§ **What is expected**: Below are the records. Reproduce exactly the lines from the one containing "Langwerpig labeltje met" through the final line, and omit any pictures.

§ **Data shown**:
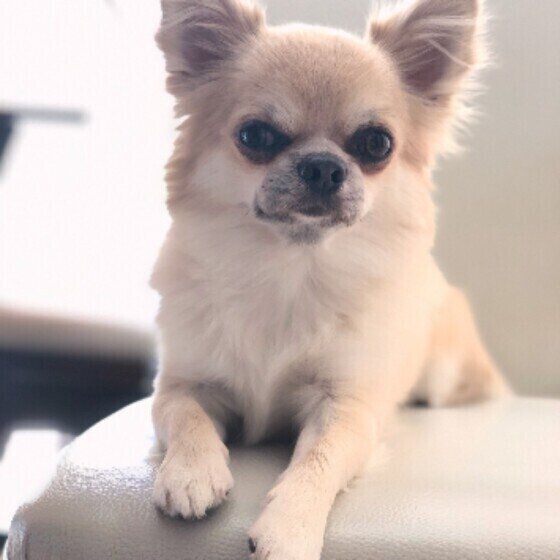 犬伝染性肝炎ってどんな病気？ いぬのきもち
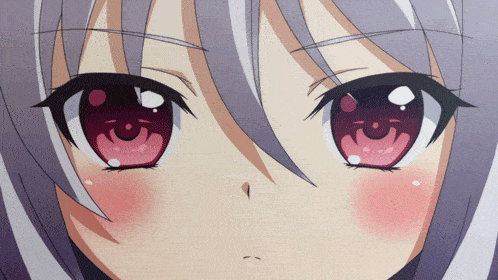 tumblr_muffu5JYDA1sze15wo1_500.gif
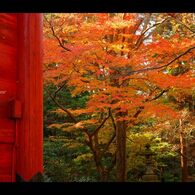 妙本寺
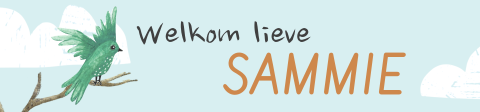 Langwerpig labeltje met vogeltje in de lucht - 16 stuks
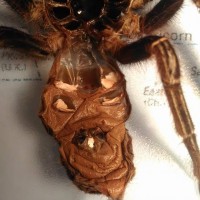 E.Murinus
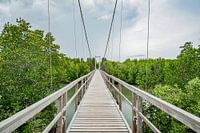 The Mangrove Forest in Chumphon
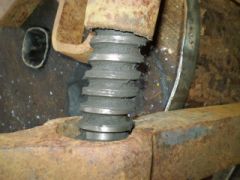 Screw
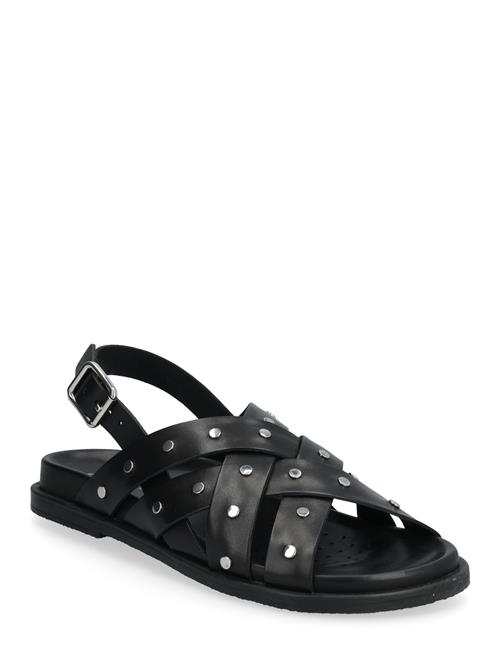 GEOX | D Adelash C | 39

§ **Reply**:
 Langwerpig labeltje met vogeltje in de lucht - 16 stuks
 E.Murinus
 The Mangrove Forest in Chumphon
 Screw
 GEOX | D Adelash C | 39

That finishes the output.